Virtualization is not expensive
Yesterday evening I received an e-mail from a colleague containing a link to an article posted on infoworld.com. This article is a summary of an speech held by Thomas Bittmann, Gartner analyst, on Tuesday at the Gartner’s infrastructure, operations, and data center summit in Sydney.
I do not agree with all statements made by Thomas Bittmann. If you see virtualization in a very big scope it may be true what he says, but if you narrow the meaning of virtualization down to OS virtualization available through Xen shipped by SUSE or Red Hat, you get a slightly different view of the topic. The intension of this blog is not to criticize Mr Bittmann. Its intension is more like that you should consider reading articles about virtualization very carefully and reflect the given statements with the facts and especially with your own needs.
The first statement already says, that it will be an expensive exercise “until the problems with virtualization, such as licensing, support, and emerging technologies are ironed out”. I think, when you reduce your mix of operating systems you want to virtualize to only one, you get rid of two of three mentioned problems. Using RHEL5 (Red Hat Enterprise Linux 5) as hypervisor and RHEL5 as guest operating system only you don’t have licensing problems, as a RHEL5 does already contain up to four licenses for virtual machines running the same OS. Also the operating system support ain’t be a problem as you already have the licenses and thus the support should be included. The same should apply to SLES10 (SUSE Linux Enterprise Server 10) as hypervisor running several SLES10 guest operating system. You may have to ask Red Hat or SUSE directly how licensing and support will be handled in the case of using homogeneous systems only. And, as Xen is already a part of RHEL5 and SLES10, I don’t think that you have to spend huge amounts of money to get support for this particular technology.

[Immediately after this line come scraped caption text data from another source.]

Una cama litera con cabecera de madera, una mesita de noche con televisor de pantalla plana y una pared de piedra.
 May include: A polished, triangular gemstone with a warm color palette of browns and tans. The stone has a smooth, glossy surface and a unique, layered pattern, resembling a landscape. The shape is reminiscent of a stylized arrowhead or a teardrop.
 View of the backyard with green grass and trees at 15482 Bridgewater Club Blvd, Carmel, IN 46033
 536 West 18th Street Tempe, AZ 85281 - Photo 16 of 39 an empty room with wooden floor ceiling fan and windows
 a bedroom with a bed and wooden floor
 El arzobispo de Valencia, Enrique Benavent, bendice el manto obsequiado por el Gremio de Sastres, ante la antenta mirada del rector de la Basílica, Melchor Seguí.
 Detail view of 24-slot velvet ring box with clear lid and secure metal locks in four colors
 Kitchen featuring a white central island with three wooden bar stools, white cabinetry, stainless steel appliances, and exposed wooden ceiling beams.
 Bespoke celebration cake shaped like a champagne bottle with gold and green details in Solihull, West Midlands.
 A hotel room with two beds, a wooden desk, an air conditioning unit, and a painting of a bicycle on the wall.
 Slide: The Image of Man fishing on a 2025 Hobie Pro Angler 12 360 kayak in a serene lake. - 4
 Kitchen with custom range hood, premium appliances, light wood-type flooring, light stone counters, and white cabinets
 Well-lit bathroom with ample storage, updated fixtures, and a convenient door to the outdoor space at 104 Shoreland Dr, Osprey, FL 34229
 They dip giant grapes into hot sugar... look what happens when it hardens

A statement, which we should look very close to is “There are still [problems] with virtualization in support and software licensing and not everything can be virtualized; …”. I don’t agree with the first part (support and licensing) as already described in the last paragraph. Nevertheless, I fully agree to the second part of the statement, that not everything can be virtualized. Before starting to implement some kind of virtualization I strongly encourage you to review your current data center infrastructure and your software system landscape. For SAP this could mean that you only want to virtualize Demo, Test, Development and QA systems, but not your production systems. The possibility to provide demo, test, dev and qa systems in a matter of seconds, because you already have images is a very nice feature. This feature normally does not apply for production systems. What I want to say is, review the life cycle and the usage types of your SAP systems and then think about virtualization itself.
Several other statements simply do not apply to the kind of OS virtualization I’m talking about. I don’t look at thin clients when using Xen on the server side. If you narrow down your expectations about virtualization to two or three main topics, Xen already delivers them to you. For my daily work I checked which topics must be met by a technology to satisfy my needs. These are as follows. The possibility to:
* provide systems in a matter of minutes using remote tools (which means no more walk to the data center)
* change system resources like CPU/memory/disks on the fly during runtime
* stable, secure and insular environments to work with
Xen from Red Hat and SUSE gives me all three of them. All three do also apply when using SAP software. If you need more application server for your system, just add a new machine or change the system resources on the fly. Also the insular principle between the virtual machines provides a simple but powerful encapsulation between systems.
As you can see, virtualization is not expensive in may case, because the needs I defined are met by a technology which is already available, and furthermore stable, fast and secure. Maybe you give it a try with some of your test systems and see for yourself if it mets your needs as well.